The broadcasters’ original comments in support of geo-targeting were filed in February 2021 and signed by Shainis, according to records retrieved from the FCC database.
Several other small radio broadcasters “seek to correct the record in the GBS docket” in a combined filing with commission this week.
Q-Media Group, which operates multiple stations in Minnesota, and Falls Media LLC, which operates KWFB(FM) in Holliday, Texas and KXXN(FM) in Iowa Park, Texas, told the FCC they do not support ZoneCasting.
“It recently came to our attention that comments were filed at the FCC purportedly on our behalf in support of GBS’s proposal. The undersigned local radio broadcasters were entirely unaware of our participation in this proceeding and did not knowingly consent to having our name included on such filings, the radio broadcasters told the FCC.”
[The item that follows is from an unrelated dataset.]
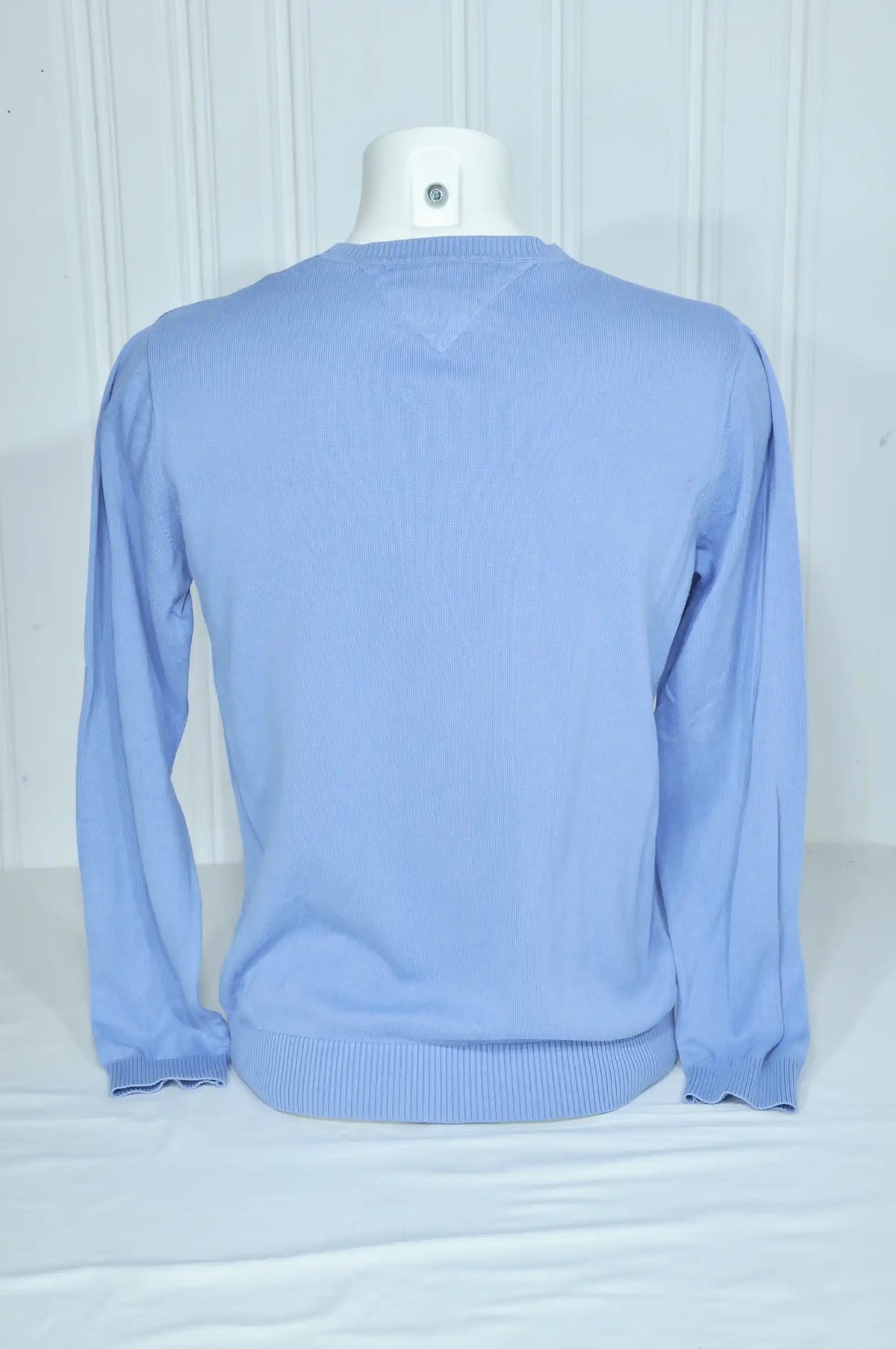 Pull Tommy Hilfiger homme bleu ciel à col V – Taille M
Their letter continued: “We are all proud but relatively small radio broadcast operators, with enormous demands on our limited time and resources. In general, we do not have the bandwidth to personally monitor activities at the FCC. Given this highly unusual circumstance, the broadcasters listed below respectfully request that the commission remove the prior filings indicating our support for GBS’s requested rule change from the record.”
The letters of support they refer to were filed in February 2021 and also signed by Shainis, according to FCC records.
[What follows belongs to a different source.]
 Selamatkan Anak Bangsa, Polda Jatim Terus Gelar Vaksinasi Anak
Shainis in a filing with the FCC on Wednesday countered that all comments filed were done with full authorization of all parties. He told Radio World in a separate email that the “broadcasters in question all granted permission in writing.”
Shainis at one time served as counsel to GBS, but a company spokesman told Radio World the attorney currently does not represent the developer.
The latest developments continue to define a proposal brought by GBS that has generated animus from opponents who claim the geo-targeting technology will cause interference and potentially disrupt radio’s business model. In addition, NAB has questioned past business dealings of the company’s founder and current CEO Chris Devine.
Shainis told the FCC in his most recent filing: “It is shameful how low the NAB, through its Chief Legal Officer and Executive Vice President Rich Kaplan, has sunk to question the integrity of filings made in the docket.
“[I am] aware that NAB has gone out of its way to contact state broadcast associations and, in some cases, station owners themselves to dissuade them from supporting the GBS proposal.”